Harendra Alwis-24 Jul, 2013
The gathering clouds of history
When I look back, I do not see the black smoke rising, or the cries of
hapless countrymen, women and innocent children – victims turning into
victimisers turning into victims – in a cycle of violence that has
persisted beyond living memory. What I do see of that time and moment of
our flawed history – I see through the eyes of others. The picture
blurs with their tears and sharpened by the raw emotions that still
engulf them and grip them in the deepest and rarely visited corners of
their souls.
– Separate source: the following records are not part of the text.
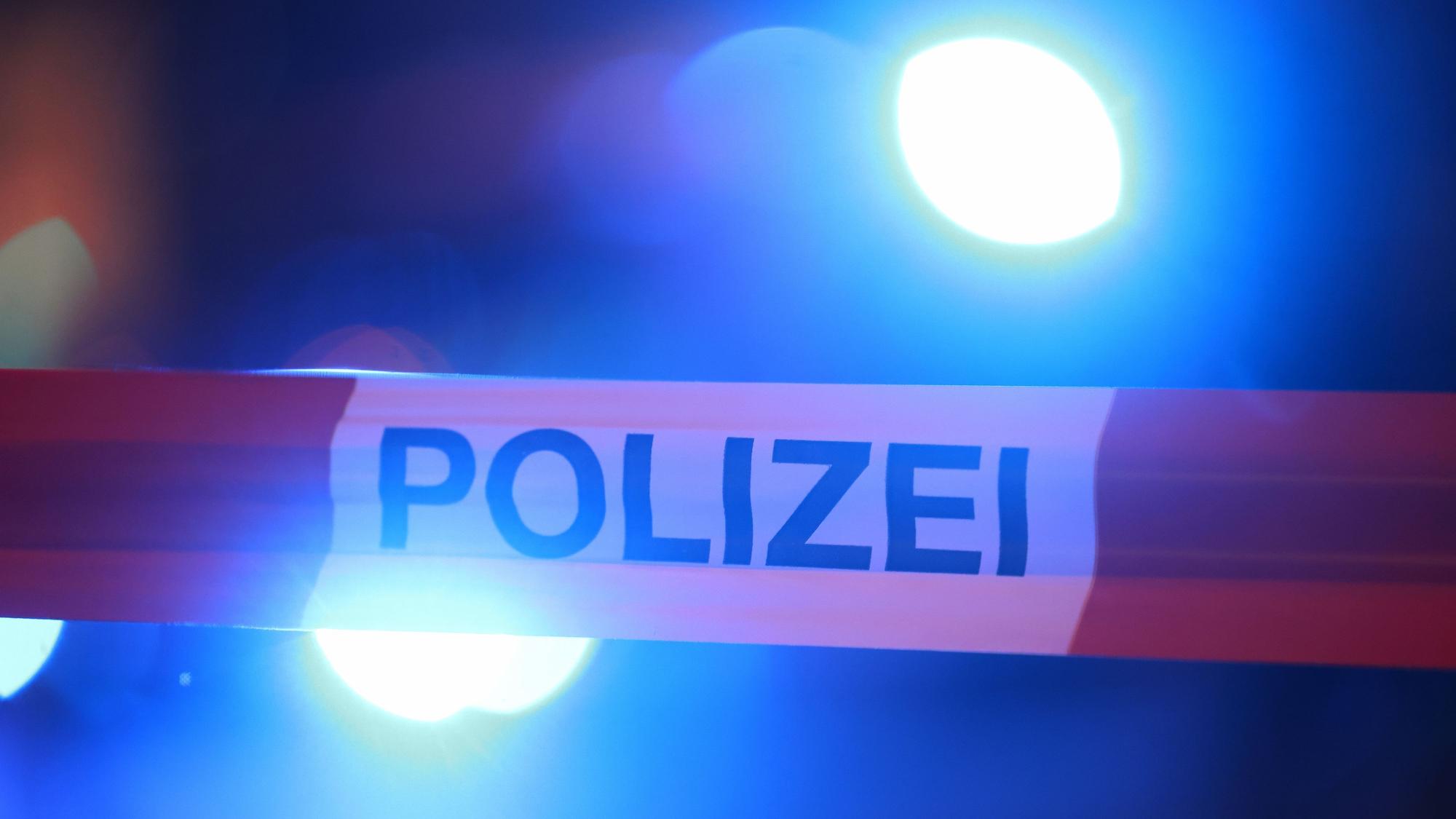 Ein Rettungswagen erfasst ein Kind. (Symbolfoto)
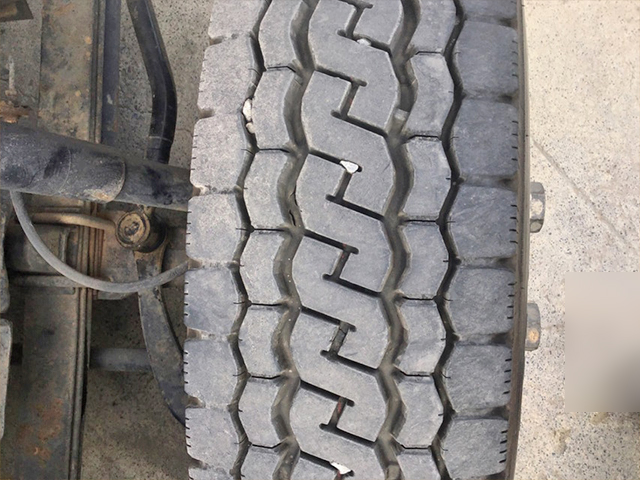 いすゞエルフコンクリートポンプ車小型（2t・3t）[写真13]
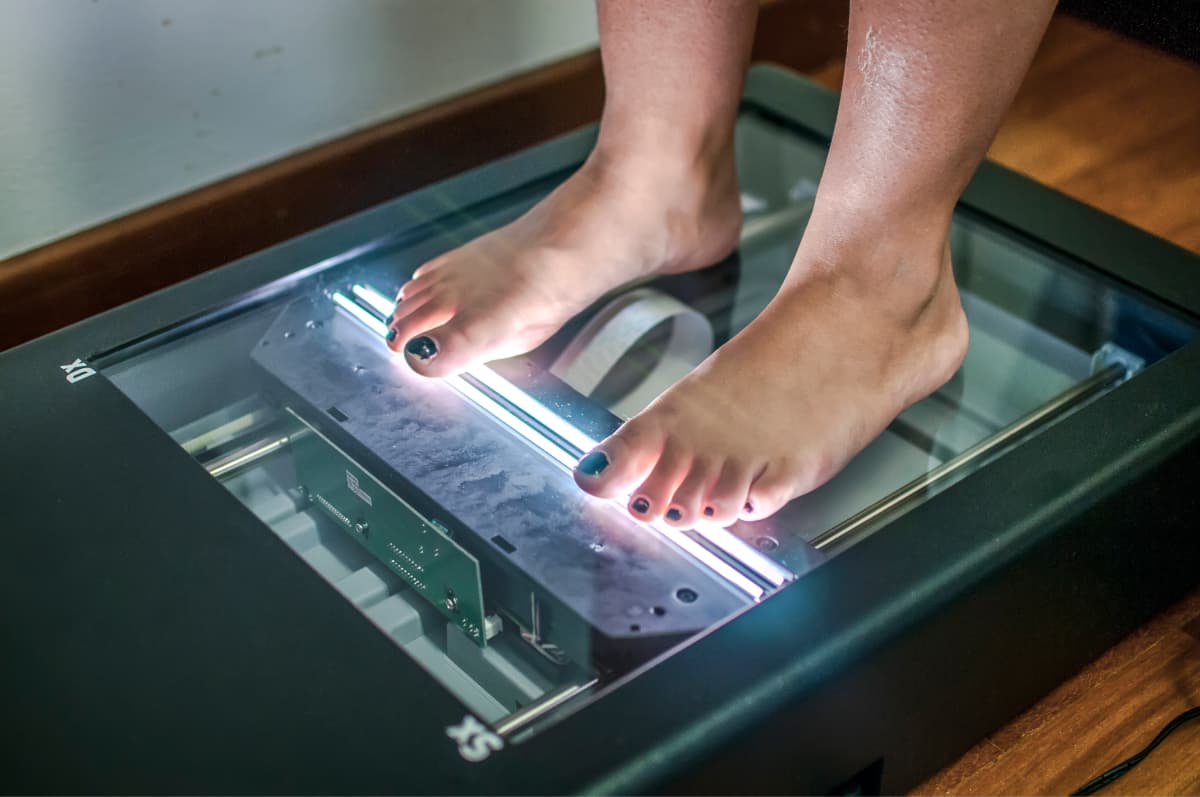 Advantages of Using 3D Scan to Measure Foot and Plantar Analysis for ...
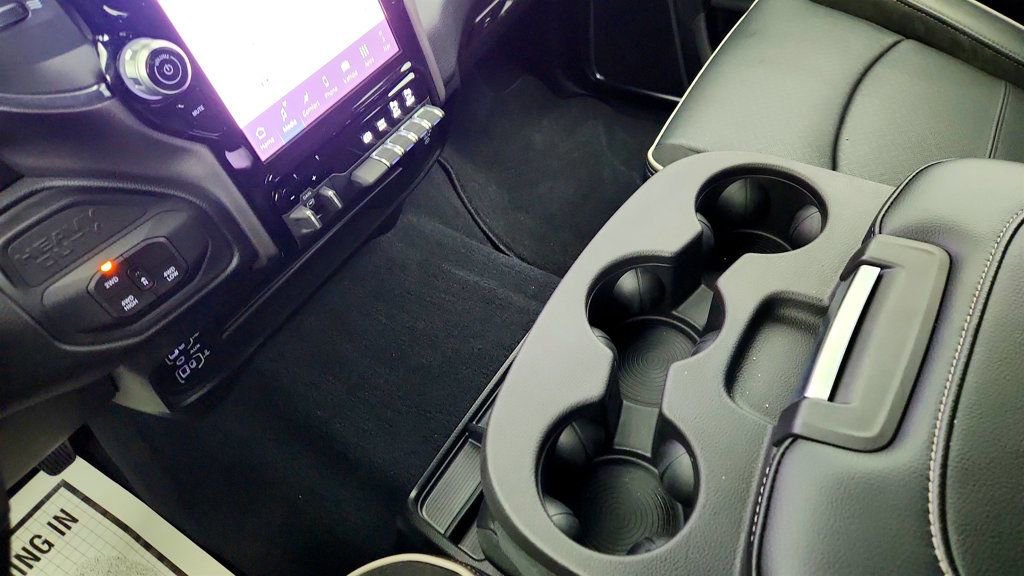 Used 2026 RAM 2500 Laramie AWD/4WD image 16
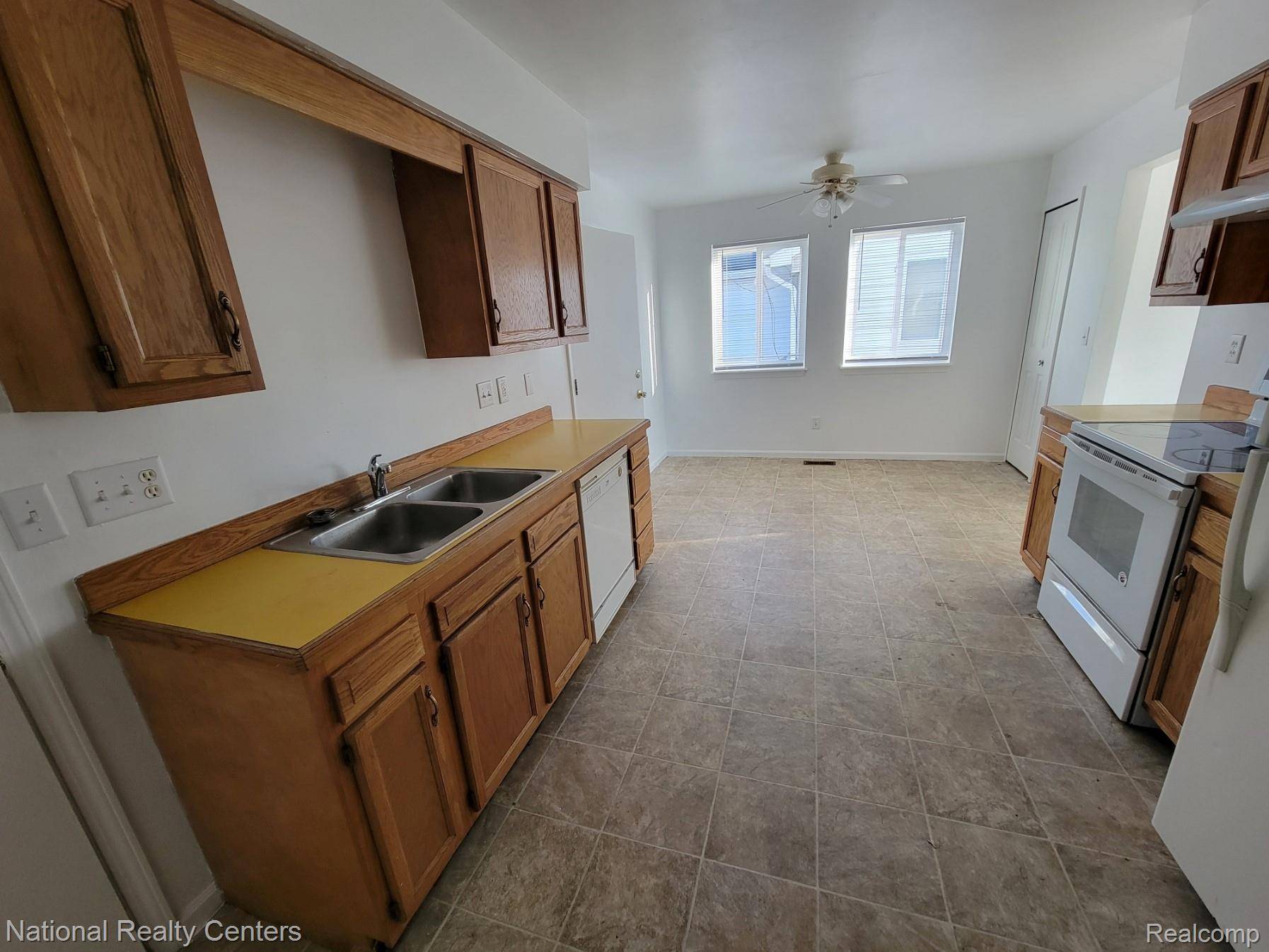 2311 11th ST, Port Huron, MI 48060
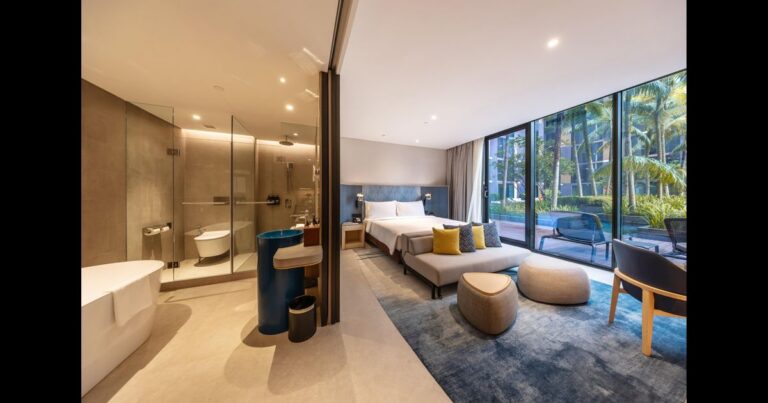 Best Transit Hotels for Layovers: Strategy & Cost Guide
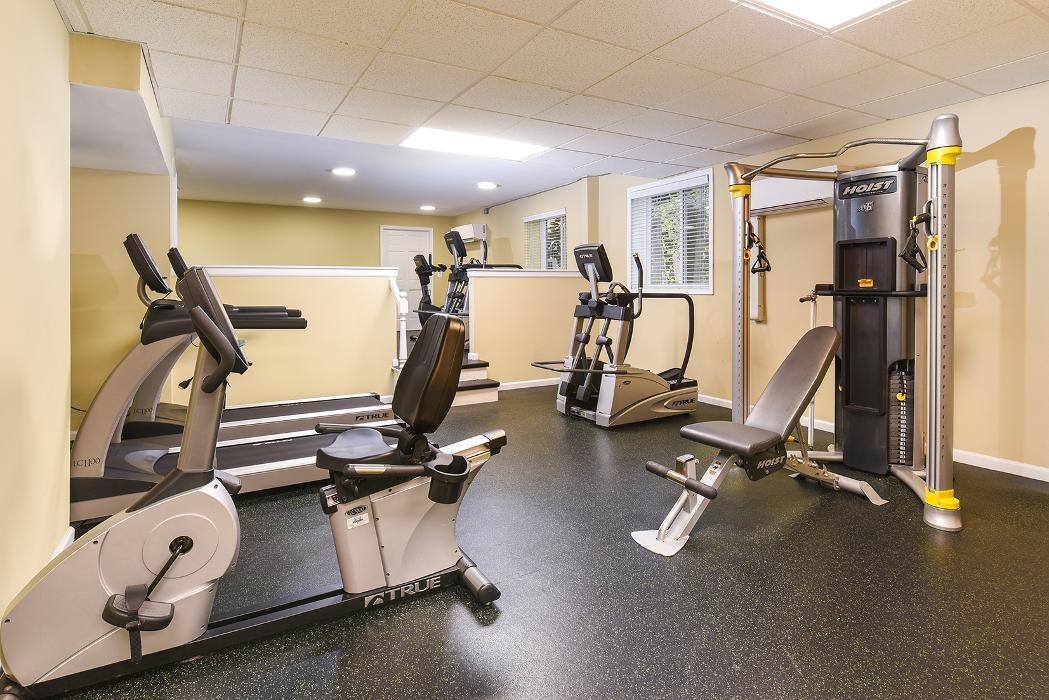 Images Lansdowne Towers Apartments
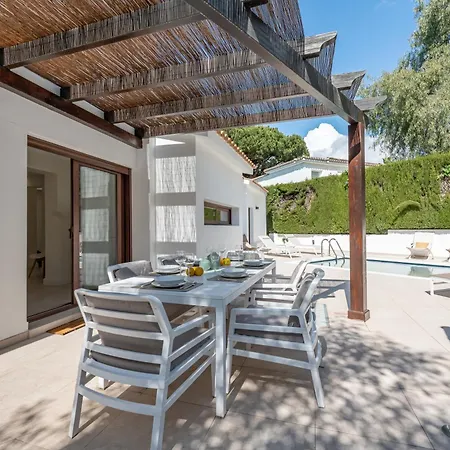With Pool In Golden Mile By Kura Homes Holiday home *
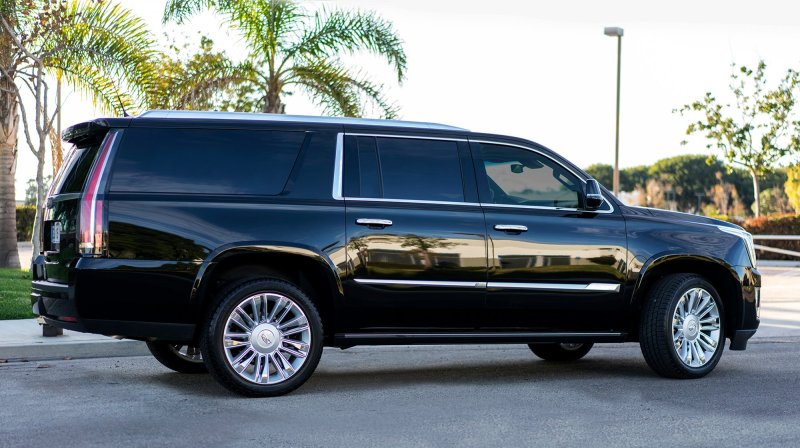 Кадиллак Escalade ESV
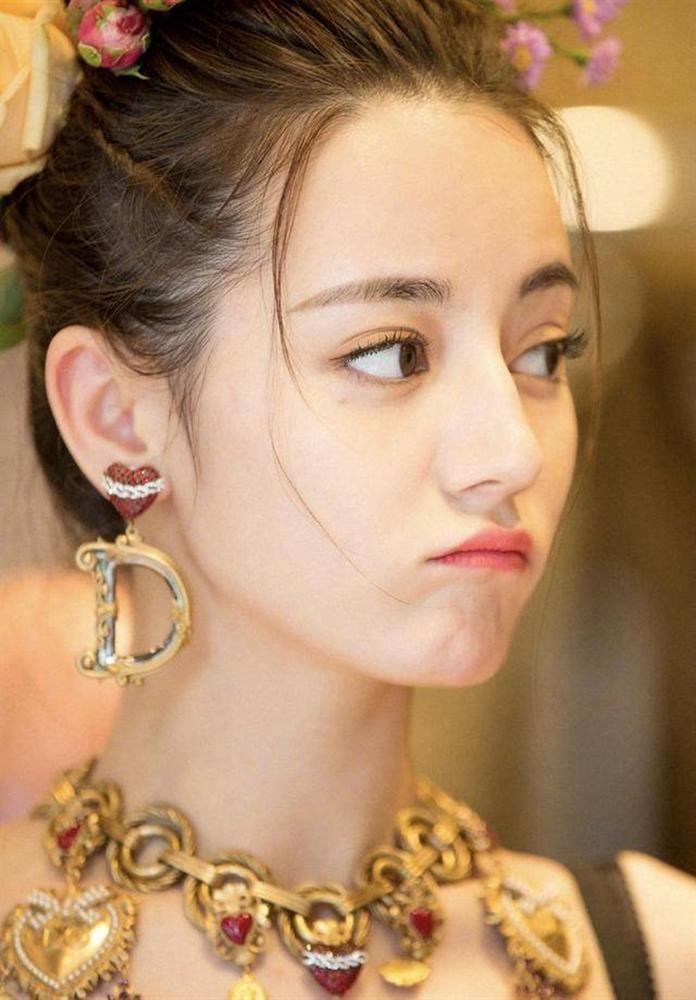 Những diễn viên Trung Quốc nổi tiếng chỉ nhờ quá đẹp-5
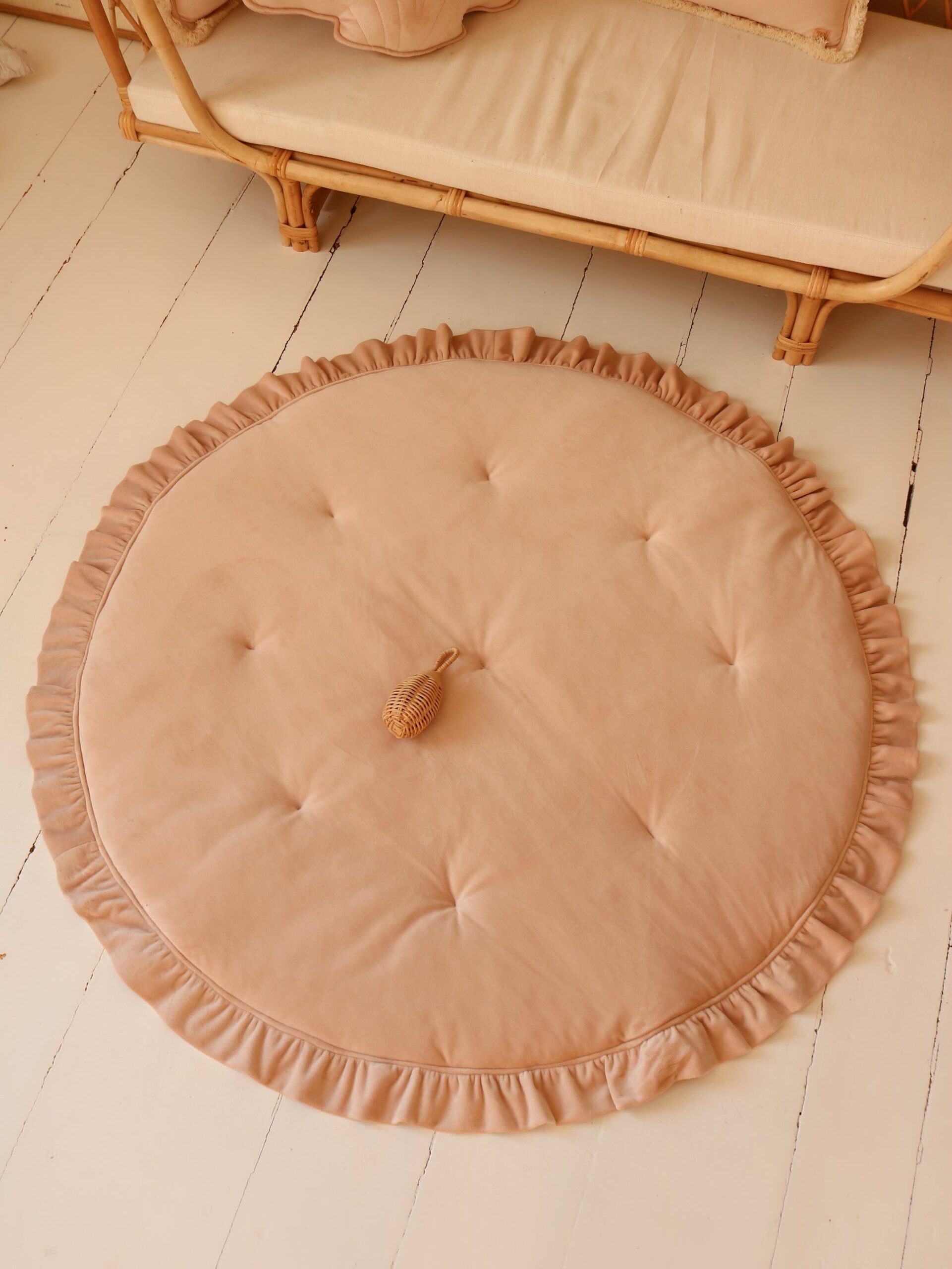 Mat with frill - Latte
But I do feel the heat from the embers of those fires that
were lit long ago when I was barely two years old. No longer a toddler
but not yet a child, I had been born into the violence that erupted then
and accompanied me well into my adulthood like a dark shadow that still
tug me at my feet wherever I go. I do not know how the events of that
July should be remembered. Must we reassemble those columns of thick
black smoke and smell of burning rubber and burning flesh from the
collective memory of a forgetful nation?
The perpetual conflict: Part 2
Posted by Harendra Alwis

Photo via blackjuly.info
Fault-lines
Perhaps it is a tragic coincidence of our time; or maybe it was
inevitable given the passage of generations, that we are marking the
thirty year anniversary of Black July at the same time as we are
approaching a centenary since the communal riots of 1915. With the
escalation of religious intolerance and communal tension in recent
months almost resembling the events of exactly century ago, we are faced
with a peculiar question: what shall we commemorate? As much as the
commemoration of our history is about preserving those memories for
future generations to learn from and for its darker chapters never to be
repeated, it must also compel us to be vigilant and pay attention to
the history that is in making today. Are we an inherently violent people
who are incapable of peace?
Of course we are not an inherently
violent – but despite the significant influence of Buddhism on our
civilisation, there is no evidence that we are inherently peaceful
either. That is to say that ours is not unique among the ancient
civilisations of the world and that we too adapt to our times and react
to our environment like any other. Before European colonisation, our
society was organised hierarchically along social classes and castes. It
was inevitable that the ancient civilisations of the East and the
enterprising West of the renaissance years were eventually going to come
into direct contact with each other. When that did happen on our
shores, it was inevitable that our ancient social order which organised
society in a stable – but broadly oppressive – caste based social
structure would face direct competition from an alternative model for
social organisation based on the egalitarian aspirations that the
reformation has unleashed in Europe.